■ **TASK GOAL**
From the line containing "arricraft 15 stuks" to the line containing "10K Yellow Gold" in the entries below, reproduce every line exactly, ends included. Nothing else belongs in the copy, and no pictures.

■ **SOURCE DATA**
◇ ◇ ◇ ◇ ◇ ◇ ◇

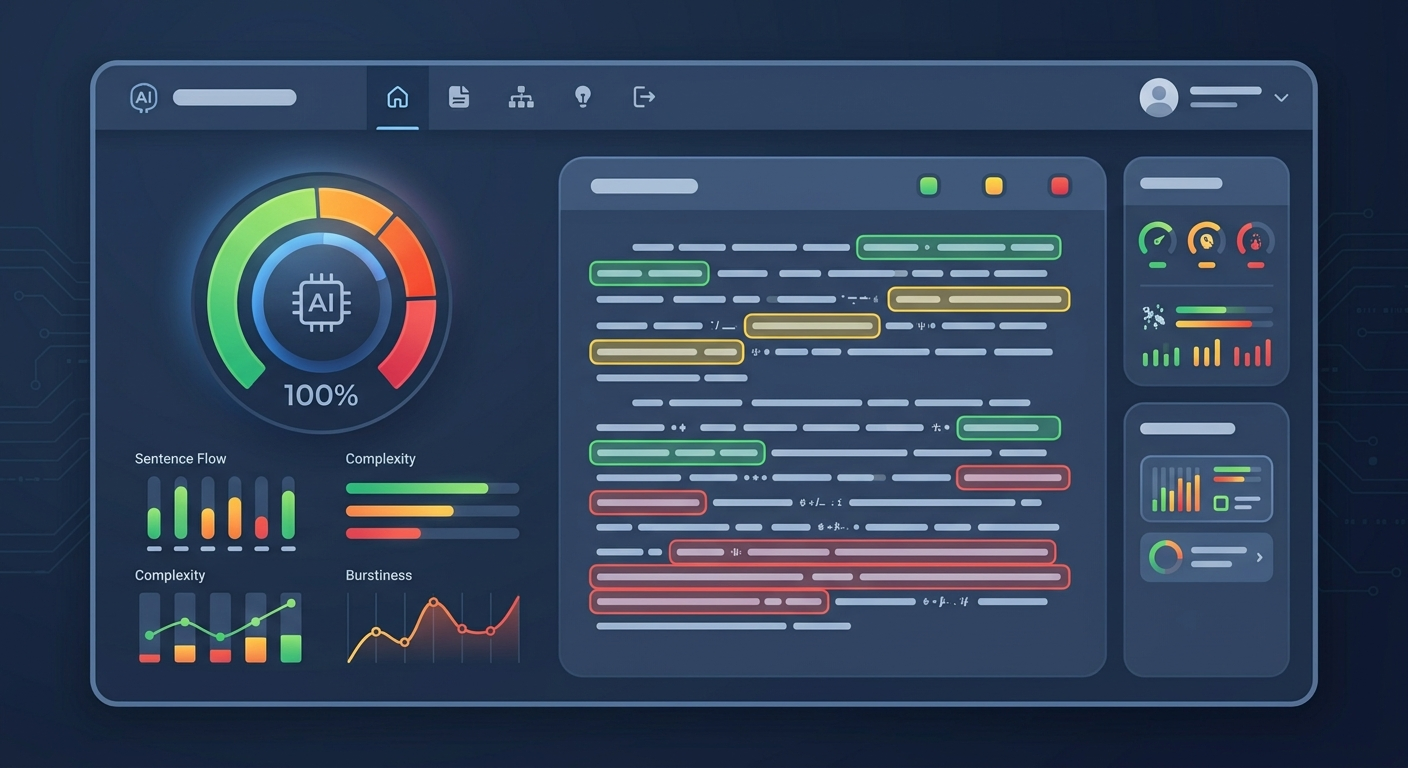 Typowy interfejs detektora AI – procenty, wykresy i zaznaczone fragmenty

◇ ◇ ◇ ◇ ◇ ◇ ◇

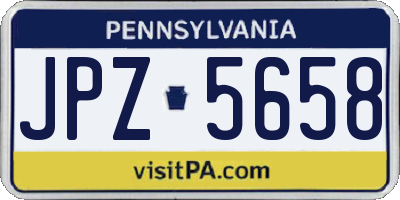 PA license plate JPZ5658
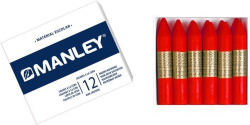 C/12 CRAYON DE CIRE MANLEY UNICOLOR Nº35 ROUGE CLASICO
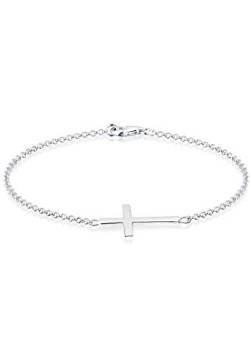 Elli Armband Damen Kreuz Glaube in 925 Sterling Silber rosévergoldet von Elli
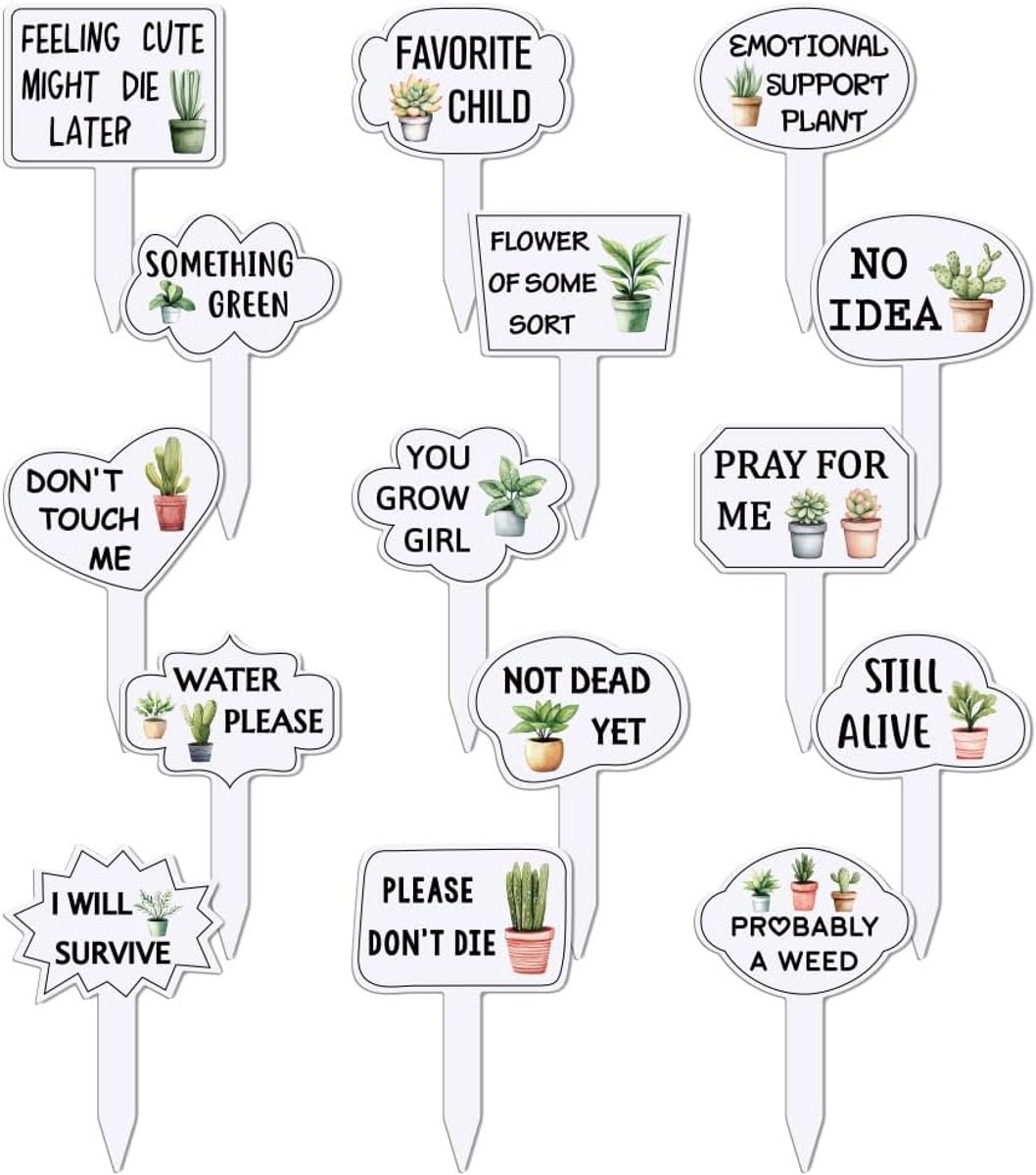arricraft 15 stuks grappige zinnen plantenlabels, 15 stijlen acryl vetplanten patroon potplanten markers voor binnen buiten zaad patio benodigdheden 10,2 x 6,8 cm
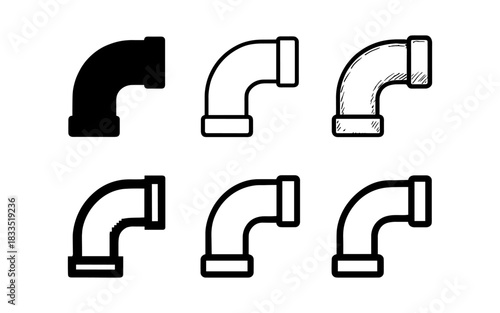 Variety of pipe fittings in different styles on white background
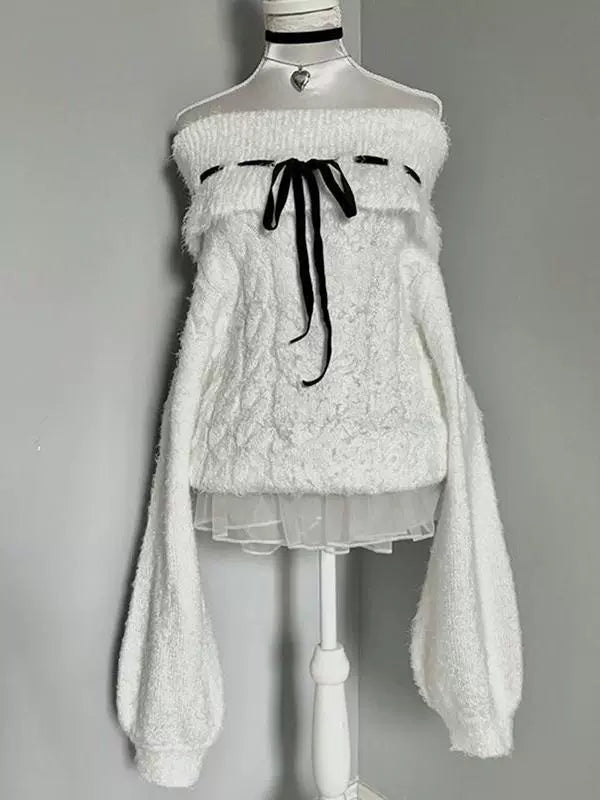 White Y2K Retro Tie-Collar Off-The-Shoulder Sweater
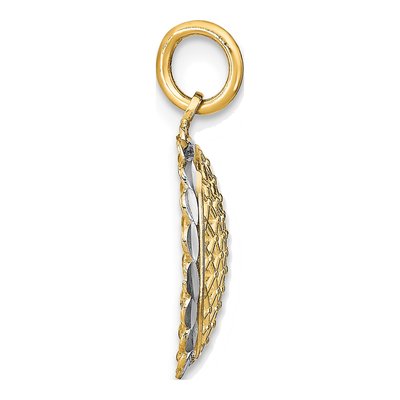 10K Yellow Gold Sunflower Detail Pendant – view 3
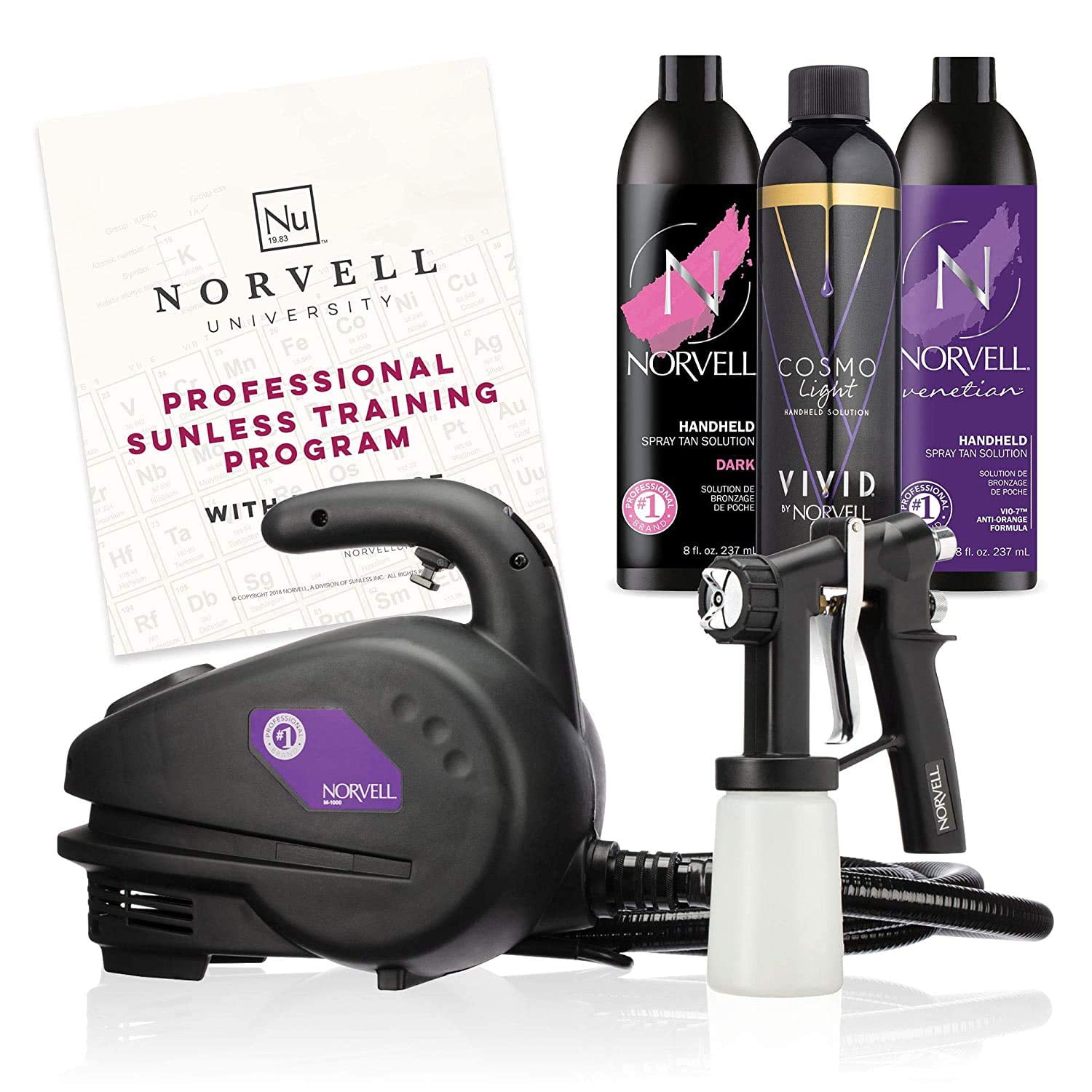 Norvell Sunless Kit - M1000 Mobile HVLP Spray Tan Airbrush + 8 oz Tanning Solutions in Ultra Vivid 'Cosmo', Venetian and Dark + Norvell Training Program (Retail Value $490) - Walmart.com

◇ ◇ ◇ ◇ ◇ ◇ ◇

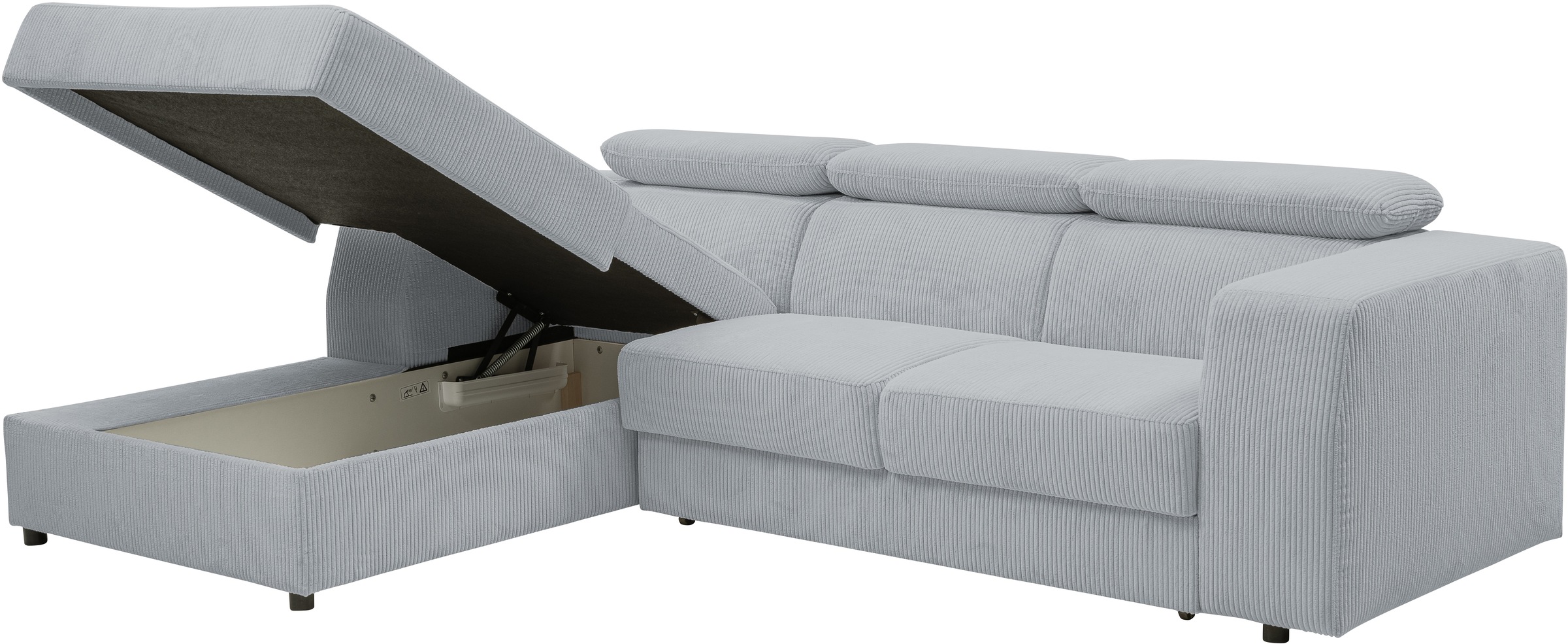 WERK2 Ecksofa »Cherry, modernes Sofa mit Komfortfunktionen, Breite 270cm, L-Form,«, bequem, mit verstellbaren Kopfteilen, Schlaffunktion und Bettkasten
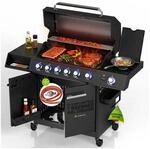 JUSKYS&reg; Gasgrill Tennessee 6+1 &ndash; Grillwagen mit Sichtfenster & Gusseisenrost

◇ ◇ ◇ ◇ ◇ ◇ ◇

■ **OUTPUT BELOW**
arricraft 15 stuks grappige zinnen plantenlabels, 15 stijlen acryl vetplanten patroon potplanten markers voor binnen buiten zaad patio benodigdheden 10,2 x 6,8 cm
 Variety of pipe fittings in different styles on white background
 White Y2K Retro Tie-Collar Off-The-Shoulder Sweater
 10K Yellow Gold Sunflower Detail Pendant – view 3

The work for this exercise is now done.